ASSIGNMENT | Look through the records, and whenever a line includes the word "know", copy it.

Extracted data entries
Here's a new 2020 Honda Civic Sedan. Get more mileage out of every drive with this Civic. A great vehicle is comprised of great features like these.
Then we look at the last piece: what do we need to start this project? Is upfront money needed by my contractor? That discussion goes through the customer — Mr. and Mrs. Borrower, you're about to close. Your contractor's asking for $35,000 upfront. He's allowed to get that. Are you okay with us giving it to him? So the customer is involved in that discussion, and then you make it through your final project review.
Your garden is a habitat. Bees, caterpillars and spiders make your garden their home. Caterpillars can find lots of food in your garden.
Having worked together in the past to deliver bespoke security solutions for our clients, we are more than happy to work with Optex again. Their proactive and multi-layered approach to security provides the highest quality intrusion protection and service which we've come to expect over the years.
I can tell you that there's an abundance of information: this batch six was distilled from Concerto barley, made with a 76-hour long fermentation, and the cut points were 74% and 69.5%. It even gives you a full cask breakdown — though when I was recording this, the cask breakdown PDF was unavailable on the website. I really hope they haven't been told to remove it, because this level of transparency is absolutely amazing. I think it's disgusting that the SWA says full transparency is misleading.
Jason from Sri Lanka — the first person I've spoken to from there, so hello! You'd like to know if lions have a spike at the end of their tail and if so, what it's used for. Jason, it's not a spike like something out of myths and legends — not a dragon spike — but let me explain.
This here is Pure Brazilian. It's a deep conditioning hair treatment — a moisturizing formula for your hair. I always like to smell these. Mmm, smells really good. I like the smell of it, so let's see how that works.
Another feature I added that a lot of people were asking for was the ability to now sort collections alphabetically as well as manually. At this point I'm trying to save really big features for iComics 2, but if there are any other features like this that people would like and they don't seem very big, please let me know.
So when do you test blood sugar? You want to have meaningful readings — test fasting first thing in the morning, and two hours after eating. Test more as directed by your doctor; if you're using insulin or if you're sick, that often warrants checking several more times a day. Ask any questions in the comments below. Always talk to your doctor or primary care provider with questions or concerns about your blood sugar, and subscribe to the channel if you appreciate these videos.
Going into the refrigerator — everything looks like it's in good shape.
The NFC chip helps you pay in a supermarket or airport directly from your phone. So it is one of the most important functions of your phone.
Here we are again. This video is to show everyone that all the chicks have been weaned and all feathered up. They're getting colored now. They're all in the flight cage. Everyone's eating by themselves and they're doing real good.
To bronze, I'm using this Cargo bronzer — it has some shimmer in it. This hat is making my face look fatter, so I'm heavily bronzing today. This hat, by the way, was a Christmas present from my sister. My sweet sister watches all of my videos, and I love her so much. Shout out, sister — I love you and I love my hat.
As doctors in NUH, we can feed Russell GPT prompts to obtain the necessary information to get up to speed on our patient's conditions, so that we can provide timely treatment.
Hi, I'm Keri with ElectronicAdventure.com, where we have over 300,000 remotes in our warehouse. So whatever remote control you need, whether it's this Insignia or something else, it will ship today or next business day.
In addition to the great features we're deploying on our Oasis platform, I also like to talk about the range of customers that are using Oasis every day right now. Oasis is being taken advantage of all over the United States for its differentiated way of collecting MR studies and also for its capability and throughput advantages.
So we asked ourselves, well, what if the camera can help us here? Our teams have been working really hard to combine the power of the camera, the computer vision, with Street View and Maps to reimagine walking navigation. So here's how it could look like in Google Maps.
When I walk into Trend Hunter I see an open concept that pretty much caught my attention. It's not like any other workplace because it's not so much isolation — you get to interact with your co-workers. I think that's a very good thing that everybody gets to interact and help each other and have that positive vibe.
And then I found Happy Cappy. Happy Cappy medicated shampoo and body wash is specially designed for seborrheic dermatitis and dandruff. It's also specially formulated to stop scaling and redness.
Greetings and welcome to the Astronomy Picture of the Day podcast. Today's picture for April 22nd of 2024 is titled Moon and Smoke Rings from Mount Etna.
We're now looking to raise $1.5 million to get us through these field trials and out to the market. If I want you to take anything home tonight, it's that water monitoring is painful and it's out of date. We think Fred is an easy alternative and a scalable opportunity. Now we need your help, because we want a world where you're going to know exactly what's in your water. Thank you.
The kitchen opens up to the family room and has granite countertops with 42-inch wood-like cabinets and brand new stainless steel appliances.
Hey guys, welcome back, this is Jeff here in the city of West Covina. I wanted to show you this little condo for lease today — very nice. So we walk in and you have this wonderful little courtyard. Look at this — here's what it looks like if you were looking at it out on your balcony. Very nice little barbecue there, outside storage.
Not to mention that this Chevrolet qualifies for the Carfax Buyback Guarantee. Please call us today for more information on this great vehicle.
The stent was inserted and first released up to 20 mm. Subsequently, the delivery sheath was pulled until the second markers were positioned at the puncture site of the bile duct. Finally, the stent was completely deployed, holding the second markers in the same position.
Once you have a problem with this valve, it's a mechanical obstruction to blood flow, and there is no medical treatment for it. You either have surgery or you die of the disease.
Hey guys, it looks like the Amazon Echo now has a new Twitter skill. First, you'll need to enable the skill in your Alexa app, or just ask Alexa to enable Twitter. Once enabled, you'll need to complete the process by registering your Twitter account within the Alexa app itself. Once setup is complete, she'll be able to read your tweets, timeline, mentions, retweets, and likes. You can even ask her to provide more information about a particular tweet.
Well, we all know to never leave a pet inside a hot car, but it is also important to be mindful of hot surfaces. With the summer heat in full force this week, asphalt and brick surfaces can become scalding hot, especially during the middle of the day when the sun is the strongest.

RESULT FOR THIS TASK |
Jason from Sri Lanka — the first person I've spoken to from there, so hello! You'd like to know if lions have a spike at the end of their tail and if so, what it's used for. Jason, it's not a spike like something out of myths and legends — not a dragon spike — but let me explain.
Another feature I added that a lot of people were asking for was the ability to now sort collections alphabetically as well as manually. At this point I'm trying to save really big features for iComics 2, but if there are any other features like this that people would like and they don't seem very big, please let me know.
We're now looking to raise $1.5 million to get us through these field trials and out to the market. If I want you to take anything home tonight, it's that water monitoring is painful and it's out of date. We think Fred is an easy alternative and a scalable opportunity. Now we need your help, because we want a world where you're going to know exactly what's in your water. Thank you.
Well, we all know to never leave a pet inside a hot car, but it is also important to be mindful of hot surfaces. With the summer heat in full force this week, asphalt and brick surfaces can become scalding hot, especially during the middle of the day when the sun is the strongest.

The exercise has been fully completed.